:: Given records ::

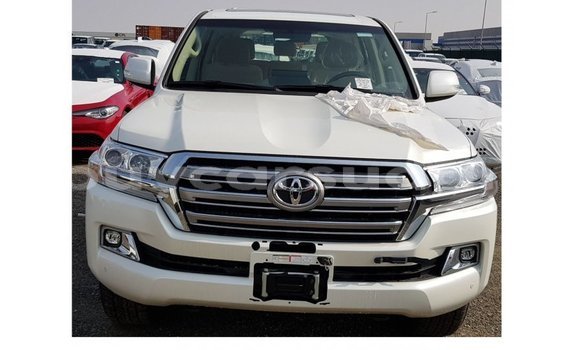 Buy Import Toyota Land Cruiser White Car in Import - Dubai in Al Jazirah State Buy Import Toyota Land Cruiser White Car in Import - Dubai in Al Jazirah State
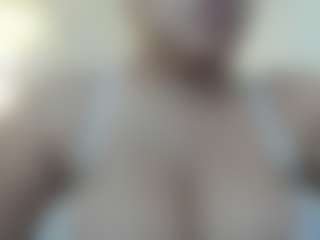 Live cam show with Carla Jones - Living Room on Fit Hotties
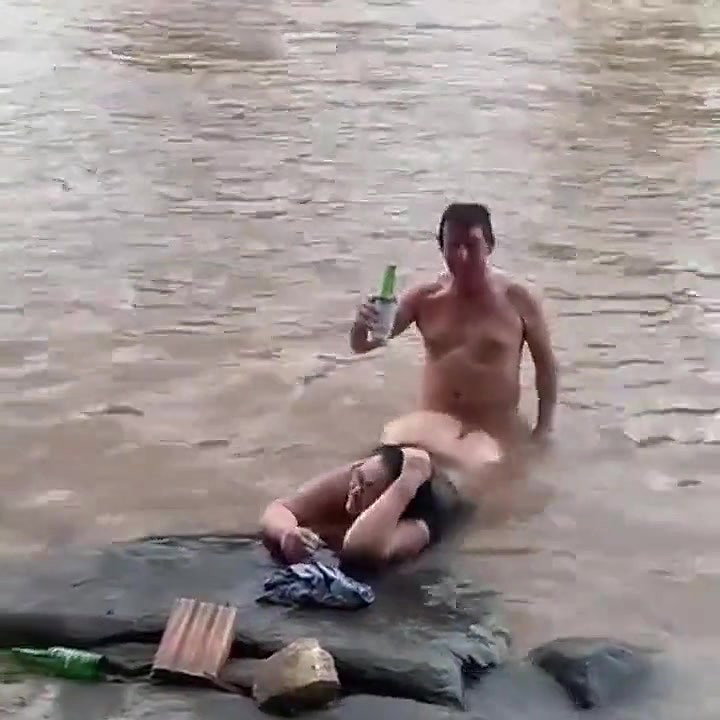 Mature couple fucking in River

---

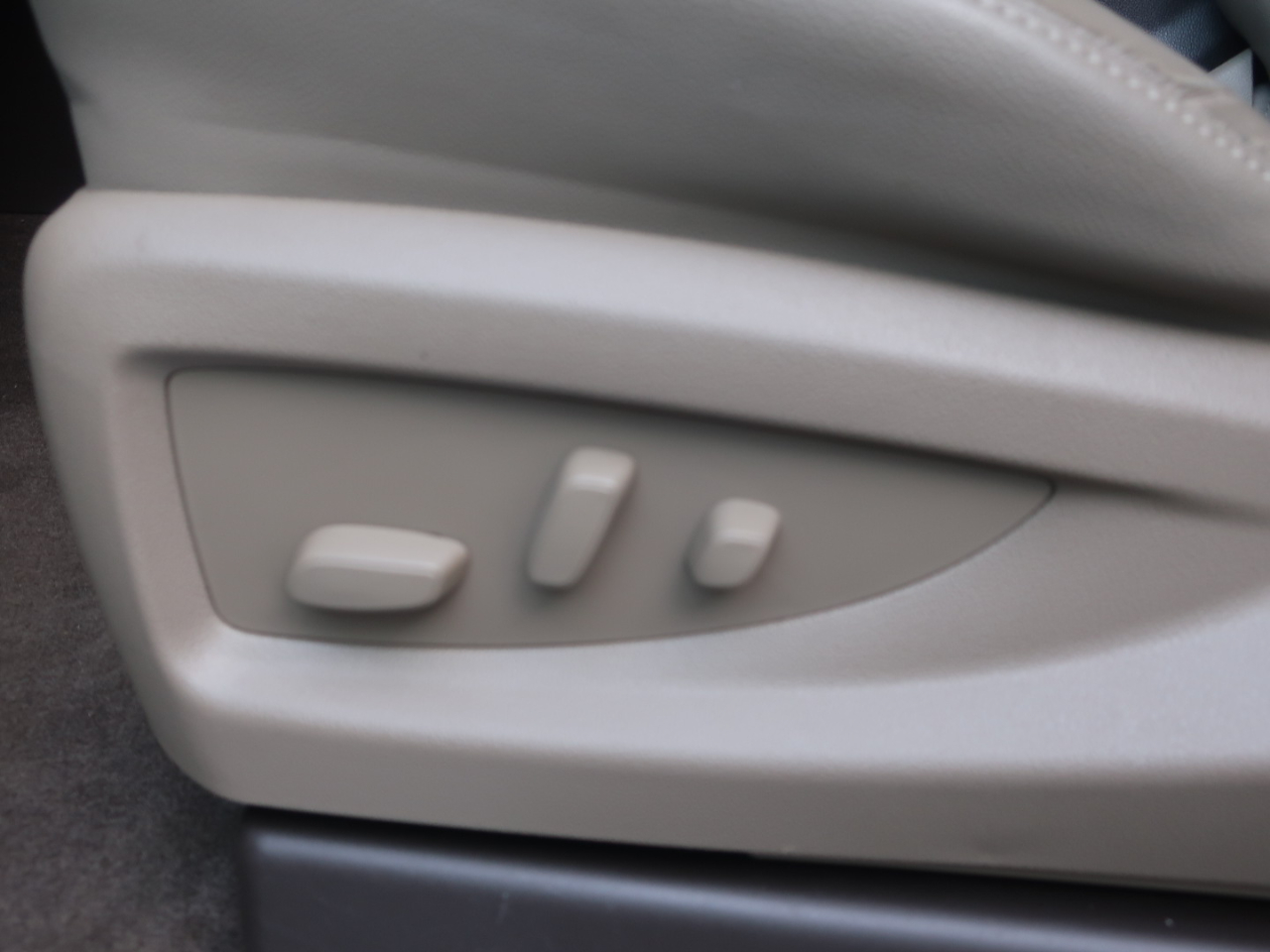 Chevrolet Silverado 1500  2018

:: Assigned task ::
The answer is the lines of the material above, from the one containing "Jazirah State Buy" down to the one containing "Mature couple fucking in River", given exactly and without images.

:: Output of the exercise ::
 Buy Import Toyota Land Cruiser White Car in Import - Dubai in Al Jazirah State Buy Import Toyota Land Cruiser White Car in Import - Dubai in Al Jazirah State
 Live cam show with Carla Jones - Living Room on Fit Hotties
 Mature couple fucking in River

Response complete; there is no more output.